Çocuklar ve gençler sınav stresinden, aileler ise çocukları ve kendileri için psikologlardan yardım alıyor. Konya'da da bu alanla ilgilenen Pandomim Psikoterapi ve Danışmanlık Merkezi sahiplerinden Uzman Klinik Psikolog Bayram Duysak, kendilerine gelen hastalara bu konularda ne tür terapi uyguladıklarından bahsetti.

ALTI YAŞINA KADAR KONUŞAMAYAN ÇOCUKLAR VAR

Pandomim Psikoterapi Ve Danışmanlık Merkezi sahiplerinden Uzman Klinik Psikolog Bayram Duysak, pandomim ismine ve ilgilendikleri alanları şu şekilde aktardı: "Pandomim aslında bir tiyatro sanatıdır. Beyaz eldivenlerle yapılıyor.1 buçuk seneyi geçti burayı açmamız. Merkezimizde 3 yaş ve üzeri herkesle ilgileniyoruz. Burada her alanla ayrı ilgilenen psikologlarımız var. Ben yetişkinlerle ilgileniyorum. Bu anlamda kadromuz çok geniş Aile danışmanlığı, çocuk danışmanlığı, ergen danışmanlığı, yetişkin bireysel psikoterapi, konuşma bozukluğu danışmanlığı, cinsel terapi uygulamalarımız var. Psikolojik konuşma bozukluğu dediğimizde üçe ayırıyoruz; Kekemelik, konuşmada gecikme ve artikülasyon. Genellikle üç yaştan sonra problemler ortaya çıkıyor. Bazen altı yaşına kadar konuşamayan çocuklar oluyor."

TERAPİDE YENİ YÖNTEM EMDR

Duysak, alışılmışın dışında yeni yöntemleri de kullandıklarını ve başarılı olduklarını belirterek, "Konya'da Danışmanlık ve terapi merkezi adı altında birçok yer var ama biz farklı bir alanda ilerliyoruz, yani kurumsal olarak çalışıyoruz. EMDR denen yeni bir terapi yöntemi uyguluyoruz. Kronik baş ağrısı ve migren alanında da uygulamalarımız var. Migrende ilaçsız terapi yönteminde kısa sürede başarı elde ettik. Pandomim Sanatı konuşmadan sessiz şeklide anlatıldığı için konuşamayan çocuklarda bu yöntemi bir nevi uyguluyoruz. Terapilerimizde EMDR denilen yeni bir yöntem uyguluyoruz. EMDR yönteminde Beyne çift yönlü uyarı veriyoruz. Kalemle dize dokunma ve göz hareketleriyle yapılıyor. Bilinçaltında yatan olumsuz anıları ortaya çıkarmaya çalışıyoruz. Bunun dışında Çözüm odaklı terapi, bilişsel davranışlı terapi yöntemlerimiz var. İlaçlı terapi uygulamamız yok ama çok ileri düzeyde olan hastalarımızda ilaç tedavisi zorunlu olduğu durumlarda anlaşmalı olduğumuz psikiyatri var ona yönlendiriyoruz" ifadelerini kullandı. 

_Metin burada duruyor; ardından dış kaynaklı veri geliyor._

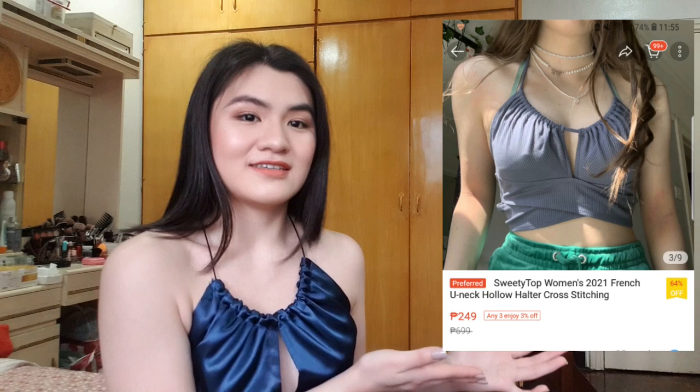Hey guys, welcome back to my channel. For today's video it's going to be another DIY tutorial, but this time it's not from Shein, it's from Shopee. I saw this top and this is the inspo for the top I'm wearing right now. I saw that picture and I wanted the top part — it just looks so cute and I decided to make one for myself.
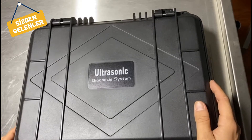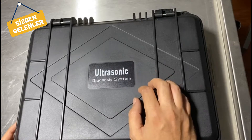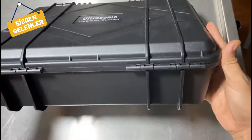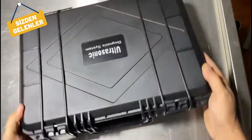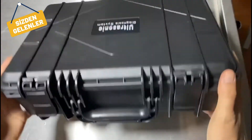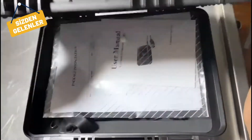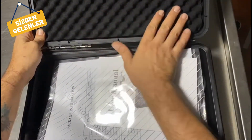At last we have received our ultrasound device from Selvet. At first look, it came with a sturdy case which you can use on all air conditions and all types of farms. It's locked quite well and it has a protective layer inside.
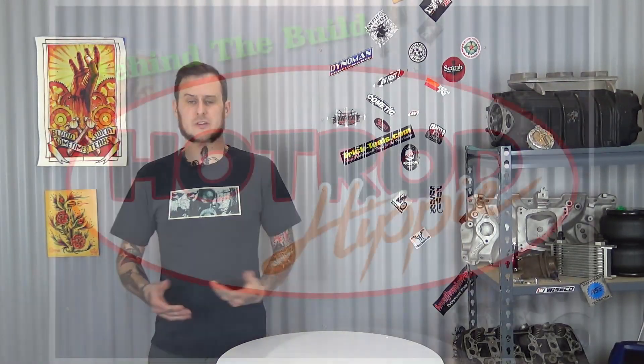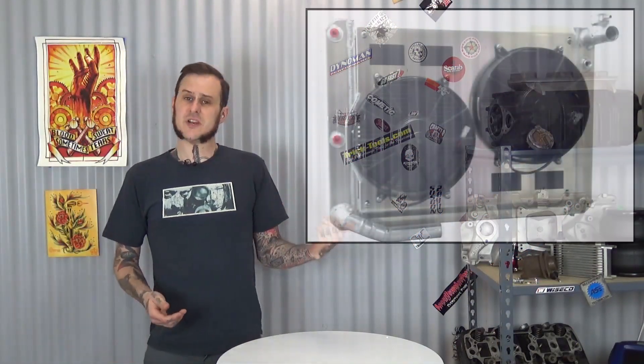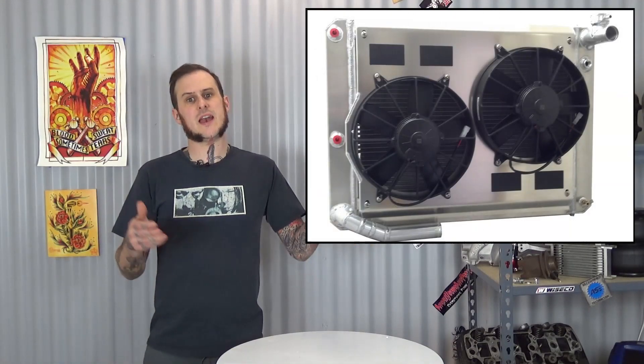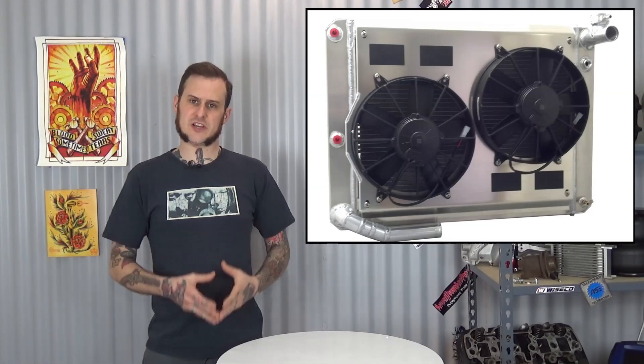Hey folks, Alan Manick the Hot Rod Hippie here. Today's video is next in our Behind the Build series. This one's about electric fans and controlling them. This is the second electric fan video I'm doing. The last one I discussed mounting as well as shrouding and whether to run push or pull. In this one we're going to discuss controlling your fans.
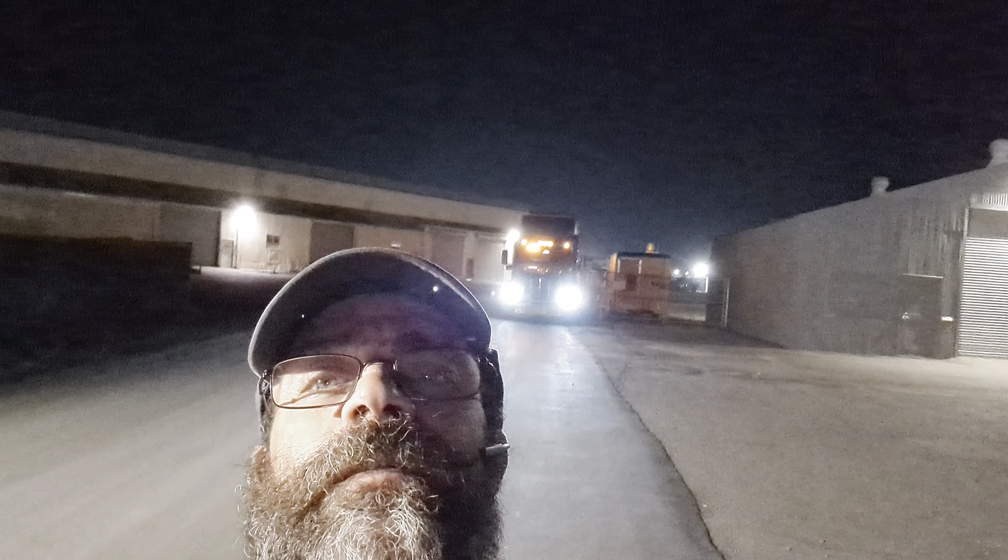Insane load — definitely an insane load. Anyways, I just wanted to make a quick video to show you what I'm doing. You can see my back amber lights up the whole box.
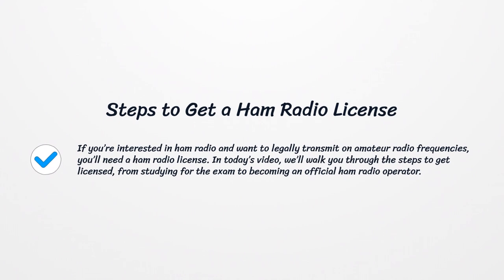If you're interested in ham radio and want to legally transmit on amateur radio frequencies, you'll need a ham radio license. In today's video, we'll walk you through the steps to get licensed, from studying for the exam to becoming an official ham radio operator.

AYDA 140 ADET İLAÇ KULLANILIYOR

Migren tedavisinde de alışılmış yöntemlerin dışında bir yönteme başvurduklarını belirten Duysak, "Migrende tedavisinde daha çok akupunktur, hacamat gibi yöntemler veya ilaç yöntemi uygulanıyor. Uyguladığımız yöntemle genelde migrende şiddet düşüyor, atak sayısı düşüyor ve kullanılan ilaç sayısı azalıyor. Migrende geçmişe bakınca genellikle travma sonucu migrenin ortaya çıktığını görüyoruz. Migren tedavisi için ayda 140 adet ilaç kullanılıyor, bu çok ciddi bir rakam. EMDR uygulamasından sonra bu oran 20'ye düşüyor. Çalıştığımız bir diğer alan Fibromiyalji, Fibromiyalji kaslardaki güçsüzlükle ilgili tamamen psikolojik bir rahatsızlıktır bunlarla çalışıyoruz. Uyguladığımız diğer yöntemlerde bilişsel davranışlı terapi, çözüm odaklı terapi, EMDR terapisi ve oyun terapisi. Oyun terapisini çocuklar üzerinde kullanıyoruz" dedi.